このとき、母集団から抽出した標本 \( X_1,\cdots,X_n \) に対して、各事象の観測度数を求めたときに、次のような \( 2\times 2 \) 分割表ができたとする。
\( A\backslash B \) | \( B_1 \) | \( B_2 \) | 計 |
\( A_1 \) | \( a \) | \( b \) | \( a+b \) |
\( A_2 \) | \( c \) | \( d \) | \( c+d \) |
計 | \( a+c \) | \( b+d \) | \( n \) |
また、標本数 \( n \) は十分大きい(目安は \( a,b,c,d≧5 \))とする。
このとき、仮説
$$ H_0:属性Aと属性Bは独立である, \quad H_1:属性Aと属性Bは独立でない $$
に対して、有意水準 \( 0.05,0.01 \) の適合度の棄却域 \( R \) は次のようになる。
検定統計量を
$$ T=\frac{n(ad-bc)^2}{(a+b)(c+d)(a+c)(b+d)} $$
とするとき、
$$ 有意水準0.05 \quad R=\{ T>\chi^2_{0.05}(1)\} $$
$$ 有意水準0.01 \quad R=\{ T>\chi^2_{0.01}(1)\} $$
さらに、 \( \ell=m=2 \) の場合は標本数が少ない場合(つまり、 \( a,b,c,d \) の少なくとも1つが5以下)においても、検定統計量 \( T \) を次のように修正することにより、独立性の仮説検定を行うことができます。
$$ T=\frac{n(|ad-bc|-\frac{n}{2})^2}{(a+b)(c+d)(a+c)(b+d)} $$
これをイエーツの補正といいます。
ある食べ物を毎日食べている人と食べていない人でかぜをひいた人とひいていない人の数を調べたところ、次のようであった。
かぜをひいてない | かぜをひいた | 計 | |
食べ物を食べている | \( 15 \) | \( 5 \) | \( 20 \) |
食べ物を食べていない | \( 6 \) | \( 18 \) | \( 24 \) |
計 | \( 21 \) | \( 23 \) | \( 44 \) |
このとき、この食べ物はかぜに効果的であるといえるかを有意水準 \( 0.01 \) で検定する。
仮説を
$$ H_0:かぜと食べ物は独立である, \quad H_1:かぜと食べ物は独立でない $$
とおく。また、有意水準は \( 0.01 \) である。
標本数が少ないので、イエーツの補正を用いて検定をする。
帰無仮説 \( H_0 \) が正しいとすると、検定統計量
$$ T=\frac{44(|ad-bc|-\frac{44}{2})^2}{(a+b)(c+d)(a+c)(b+d)} $$
は自由度 \( 1 \) のカイ2乗分布 \( \chi^2(1) \) に従う。

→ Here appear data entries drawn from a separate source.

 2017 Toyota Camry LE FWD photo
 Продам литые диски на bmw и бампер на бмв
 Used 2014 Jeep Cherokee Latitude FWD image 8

このとき、定理4より有意水準 \( 0.01 \) の棄却域 \( R \) は
$$ \begin{align} R&=\{ T>\chi^2_{0.01}(1)\}=\{ T>6.635\} \end{align} $$
となる。したがって、上の表より、検定統計量 \( T \) の実現値 \( T^* \) が
$$ \begin{align} T^*&=\frac{44(|15\times 18-5\times 6|-\frac{44}{2})^2}{(15+5)(6+18)(15+6)(5+18)} \\ &=9.1\in R \end{align} $$
となるので、帰無仮説 \( H_0 \) は棄却される。
よって、この食べ物はかぜに効果的であるといえる。